KBR, Jakarta- Koalisi LSM di Aceh yang bergerak di bidang advokasi hak asasi manusia mulai mendata anggota TNI yang diyakini terlibat peristiwa pembunuhan dan penganiayaan warga sipil di Simpang Kertas Kraft Aceh atau Simpang KKA. Koordinator Koalisi NGO HAM Aceh Zulfikar Muhammad mengatakan pendataan dan pelacakan dilakukan terhadap para anggota TNI baik eksekutor di lapangan maupun komandan di masing-masing kesatuan yang terkait dengan peristiwa Simpang KKA tahun 1999.
Pelacakan itu untuk membantu mengawal hasil penyelidikan Komnas HAM yang menyatakan menemukan indikasi awal pelanggaran HAM berat dalam peristiwa Simpang KKA.
"Lagi melakukan track karier. Terakhir bertugas dimana, dipindahkan ke mana. Sampai posisi hari ini. Juga kondisi kesehatan, status jabatan, pensiun atau sudah meninggal, atau sedang sakit dan sebagainya. Kita baru punya nama sekitar 15 orang, sementara keterangan saksi mata dalam kasus Simpang KKA itu jumlah prajurit TNI mencapai 25 orang," kata Zulfikar Muhammad kepada KBR, Kamis (23/6/2016).
Nama-nama yang dilacak oleh Koalisi NGO HAM Aceh mulai dari prajurit TNI di tempat kejadian perkara saat peristiwa pembunuhan Simpang KKA 3 Mei 1999, hingga para petinggi TNI seperti Komandan Koramil, Komandan Korem hingga Panglima Kodam.

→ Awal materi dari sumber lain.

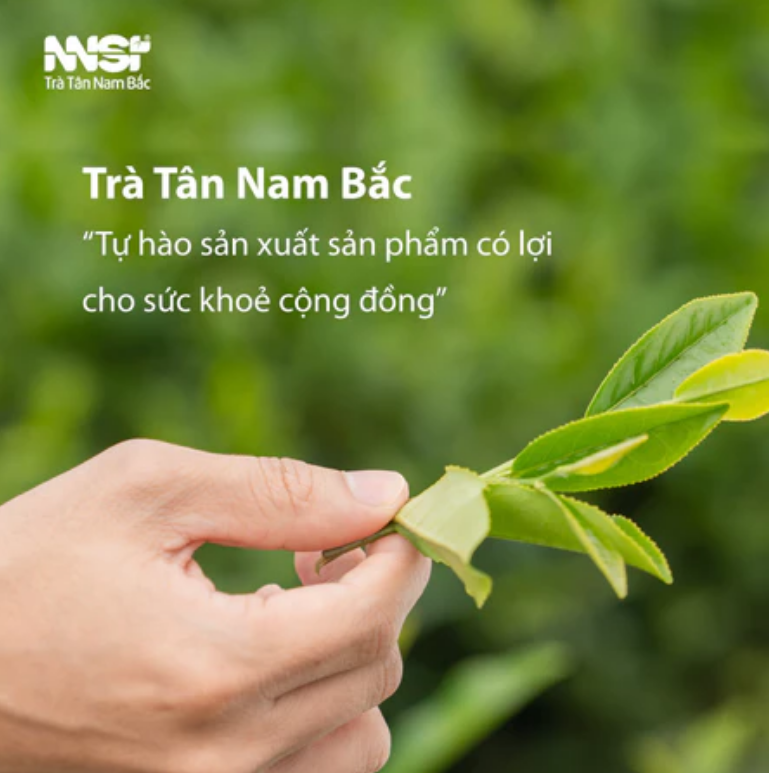 Vietnamese Iced Green Tea Bags Panda Leaf/ Jasmine Scent 200G New Trend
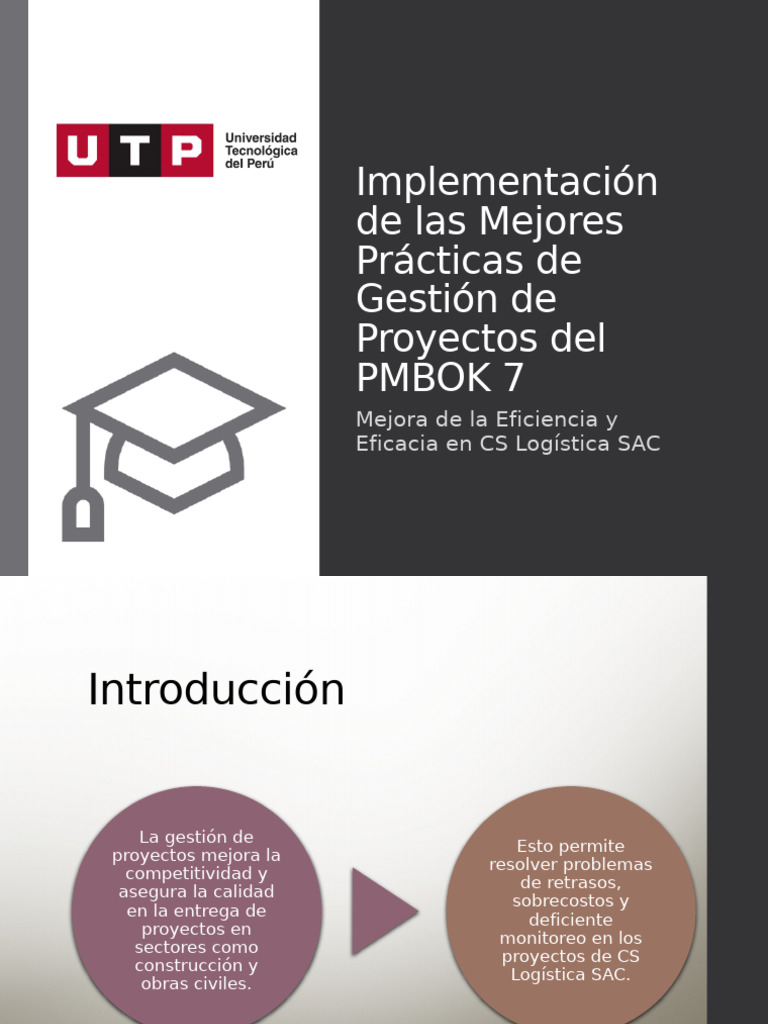 Mejora de Proyectos con PMBOK 7 en CS Logística | PDF | Logística ...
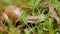 Big snail in the woods in search of food, macro, helix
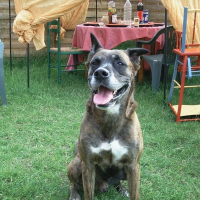 Photo de profil de Spike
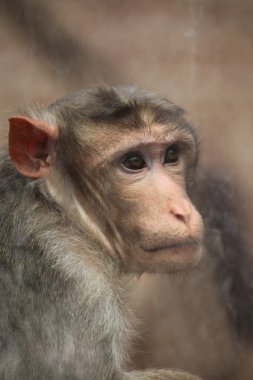 Wild Bonnet macaque clipart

"Kita akan kawal, karena ini Komnas HAM-nya sudah di jalur yang bagus, on the track. Dan ini juga jalan bagus untuk menuju perbaikan dan reformasi di tubuh TNI," kata Zulfikar.
Sebelumnya, Komisi Nasional Hak Asasi Manusia (Komnas HAM) dalam laporan hasil penyelidikan kasus Simpang KKA menyebutkan menemukan bukti permulaan yang cukup untuk menduga terjadi pelanggaran HAM berat masa lalu. Komnas HAM mencatat ada aksi pembunuhan dan penganiayaan yang dilakukan aparat Detasemen Arhanud Rudal dan Yonif 113 kepada warga sipil.
Komnas HAM menduga kasus itu melibatkan TNI, Pangdam Bukit Barisan tahun 1999, Komandan Korem Liliwangsa, Komandan Kodim Aceh Utara, Komandan Batalyon Infanteri, Komandan Detasemen Arhanud Rudal hingga Komandan Koramil dan anggota di kesatuan-kesatuan itu.
Namun Komnas HAM belum bisa mengetahui motif peristiwa itu. Karena sejumlah nama anggota TNI yang dipanggil untuk pemeriksaan menolak hadir. Sedangkan Komnas HAM tidak punya kewenangan memanggil paksa.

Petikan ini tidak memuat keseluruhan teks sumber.